I quite understand that people like Helen Belcher and Jane Fae are sick and tired of beating their heads against the national newspapers and getting nowhere. The regulatory regime that we have now is, if anything, worse than we had before the Leveson inquiry. But that’s not just us. Even the Prime Minister can’t stop the Daily Mail writing malicious articles about him. What chance do we have?

In any case, complaining doesn’t work. These days any company or public body worth its salt employs teams of people to ensure than customer complaints are deflected. That’s either passively through endless bureaucracy, or aggressively through legal threats. Again, that’s not just us. Everyone has this problem. There’s not much that anyone in the Civil Service can do to fix it.

Equally we are not going to have much luck with the national TV companies, or with Hollywood, unless we have money (like the Wachowskis) or can pitch them ideas they find attractive.

The reason that the Americans do much better than we do on diversity is that they have a bigger market, and can make money with diverse programming. We don’t have that in the UK. We have local media. The problem is that they can’t make money. Community radio, community TV, operations like Bristol 24/7, all rely to a large extent on volunteer labor. It is the same in publishing. The big multi-nationals are obsessed with finding the next best seller, while small presses do a much better job on diversity.

By working with community media we can get trans people involved in program creation, and even presenting programs. We can also get stories that are much more trans-positive. It’s not sexy. It’s not glamorous. But it makes a difference, and it can be done for comparatively small sums of money. Frankly, most community media companies are so strapped for cash that if they government were to offer small grants for diversity-related programming they’d find people queuing up to apply for them.

However, if I want to make that happen it is pretty clear that I’ll have to do it my myself, or with the help of supportive cis people.

11 thoughts on “How Not To Engage With Government

  1. Just started to read…and commenting before i’ve even got to the meat of the piece. Yes…fraid that was my first thought, too.

    Courtesy of our glorious privatised railways, any meeting in London that starts much before half ten costs me £34 to attend as opposed to £16 after that time. I am what you would probs classify as a “cheap activist”: i don’t have much of an income nowadays…and every single event has to be measured in terms of whether i feel that the return in terms of influence or usefulness weighs appropriately against the cost of attending.

    On an average month, that usually means i will self-fund attending two…at most, three…London events. Everything else needs to be covered by someone else.

    I suspect a half ten start would not have helped you…or maybe it would have done away with the overnight? But totally agree that London peeps either need to think about this or…am i the only person who has ever managed one of these? …run an informal pooled fares scheme for those attending.


  2. And i’ll take issue with your take on the second half…though i think you can be forgiven for viewing it as “moan, moan, moan”.
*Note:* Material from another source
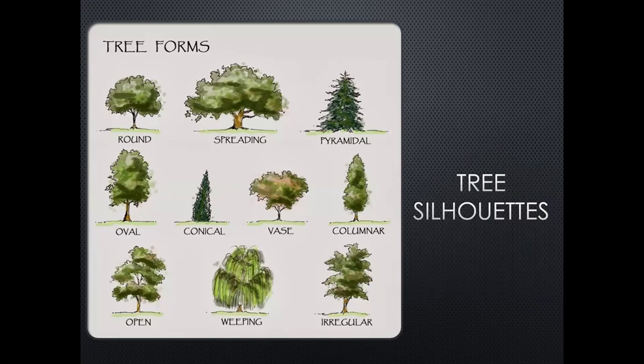So, tree forms. There are several out there. These are the main classifications, and some of them are open to your personal interpretation and also the age of that tree. We're going to talk about each of these: round, spreading, pyramidal, vase, weeping — and I'll give you examples of each.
    My own view is that things are unlikely to change unless/until the costs and penalties for businesses that discriminate become greater than the costs of “managing” complaints.

    I want to see…and over the next year hope to help make reality…a situation in which people move very quickly from being fobbed off by the standard complaints letter (“we are very sorry that on this occasion our service fell short”)…to just taking the company to court.

    Because little else is likely to make people sit up and take notice.

    Therefore, the point i was making to the GEO and other government types was that all this focus on “positives” was all very well from a position of privilege and NOT having to worry on a daily basis about whether you were going to have a credit card stopped, or be called out by a call centre because of your voice…but it was pretty useless for a lot of trans peeps.

    Therefore, they should be less focussed on training the activists over and over in what was meant by discrimination (i think i can give you a textbook explanation of that any time you care to ask)…but in supporting people who have been victims of it, helping them to take cases to the courts, and being a lot hotter on helping people deal with the two other legs of the Equality Act: victimisation and harassment.

    1. You are totally right about the flaws of the Equality Act, but that’s a much wider issue than just trans, and a much wider issue than the media.

      1. It became clear in the second meeting exactly why the Equality Act was driven by a limited number of “protected characteristics”, which was because that was the way Government has decided to break itself down – with LGBT and gender being under GEO, but race and religion being under DCLG, and disability being under DWP. It was also clear that intersectionality simply doesn’t appear in a lot of Government thinking – you are either trans or black – the idea that you can be trans AND black seems outside their thinking, because they don’t have the structure to deal with it.

        The meeting was never going to be about Government actually providing money. Instead it was always going to about Government trying to find direction. At least they were listening (or pretending to listen) rather than simply deciding they know best without any consultation at all – although dealing with Government is always a long, slow, chipping away at things.

        Certain parts of Government are also still struggling with the concept that not everyone is within 30 minutes of central London.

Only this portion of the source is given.